Peluncuran dilakukan oleh Direktur Utama Telkom Dian Siswarini, Direktur IT Digital Telkom Faizal Rochmad Djoemadi, serta Utusan Khusus Presiden Bidang Pembinaan Generasi Muda dan Pekerja Seni Raffi Ahmad.

Alcosystem memposisikan Telkom sebagai penyedia ekosistem AI menyeluruh dari hulu ke hilir.
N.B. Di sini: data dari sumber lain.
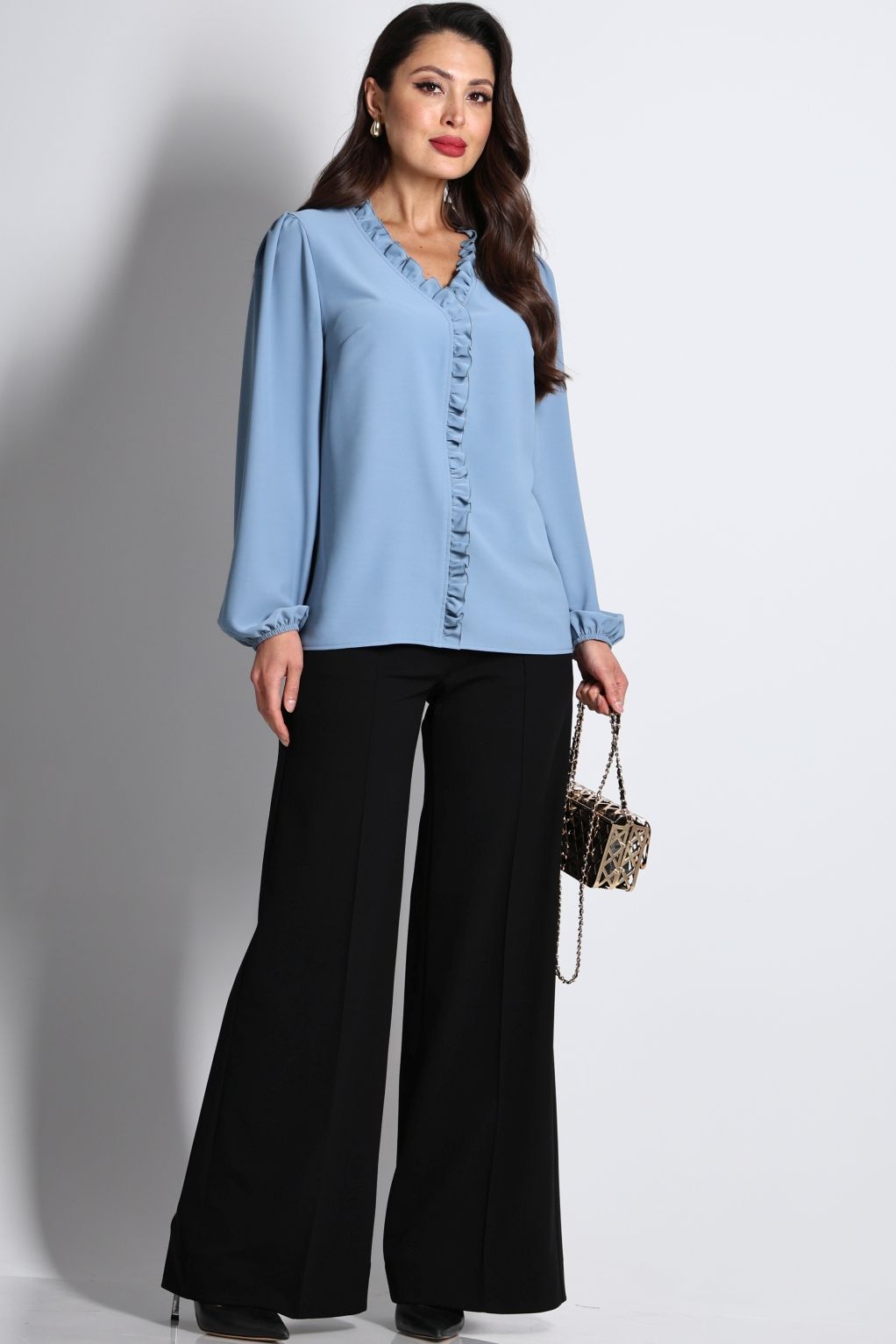 Блузка тёмно-голубая с длинными рукавами DStrend(фото8)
Integrasi Portofolio AI TelkomGroup

Ekosistem baru ini mengorkestrasi portofolio dari berbagai unit, termasuk Telkom AI Center of Excellence (AI CoE), Telkomsel AI, Neutra Compute dari NeutraDC, AI Infomedia, AI Digiserve, hingga Telkom University.

Melalui skema tersebut, inovasi yang sebelumnya berjalan di masing-masing anak perusahaan kini saling terhubung agar lebih sinergis.

Telkom AI CoE menjadi salah satu penggerak utama dengan menerapkan lima pilar strategis, yaitu AI Campus, AI Playground, AI Connect, AI Hub, dan AI Native.

Pilar-pilar ini dirancang untuk memperkuat talenta digital, membuka ruang eksplorasi komunitas, mempercepat transformasi ide menjadi solusi siap pakai, hingga mengoptimalkan efisiensi internal perusahaan.

Dian Siswarini menyatakan bahwa teknologi ini menjadi fondasi penting bagi transformasi digital yang dilakukan secara kolaboratif demi memberikan nilai nyata bagi perekonomian nasional.

"AI bukan hanya perkembangan teknologi masa kini, melainkan fondasi baru transformasi digital yang perlu dibangun secara kolaboratif dan berkelanjutan.

Dengan Alcosystem, kami menyatukan seluruh kekuatan AI TelkomGroup agar Indonesia memiliki ekosistem AI yang solid, terintegrasi, dan mampu menciptakan dampak nyata bagi masyarakat, dunia usaha, dan daya saing bangsa," ujar Dian Siswarini.